¿Qué es la ascitis?

La ascitis es la acumulación de líquido en la cavidad abdominal.

Tiende a aparecer más en afecciones de larga duración (crónicas) que en los procesos de corta duración (agudos). Se presenta muy frecuentemente en los casos de cirrosis, especialmente en los causados por el alcoholismo. La ascitis también puede presentarse en enfermedades no relacionadas con el hígado tales como el cáncer, la insuficiencia cardíaca, la insuficiencia renal y la tuberculosis.




En los pacientes con enfermedades hepáticas, el líquido sale de la superficie del hígado y del intestino. Una combinación de factores es responsable de la ascitis, incluyendo la hipertensión portal, la reducción de la capacidad de los vasos sanguíneos para retener el líquido, la retención de líquidos por los riñones y la alteración de varias hormonas y sustancias químicas que regulan los líquidos del organismo.

Síntomas y diagnóstico de la ascitis

En general, si la acumulación de líquido en el abdomen es escasa, no se producen síntomas, pero una gran cantidad, puede provocar distensión abdominal y malestar, además de dificultades respiratorias. Cuando el médico aplica golpes ligeros (percute) en el abdomen, se produce un sonido sordo.
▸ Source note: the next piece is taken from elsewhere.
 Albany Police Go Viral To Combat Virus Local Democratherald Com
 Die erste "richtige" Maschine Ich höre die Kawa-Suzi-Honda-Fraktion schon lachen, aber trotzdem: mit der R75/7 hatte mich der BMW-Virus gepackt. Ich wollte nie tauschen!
En los casos de mucha acumulación de líquido, el abdomen está tenso y el ombligo se aplana o incluso puede sobresalir. En algunos pacientes con ascitis, los tobillos se hinchan a causa de un exceso de líquidos (edema).

Si la presencia o la causa de la ascitis no está clara, se puede hacer una ecografía. Como alternativa, se puede extraer una pequeña muestra de líquido introduciendo una aguja a través de la pared abdominal, un procedimiento denominado paracentesis diagnóstica. El análisis de laboratorio del líquido contribuye a determinar la causa de su acumulación.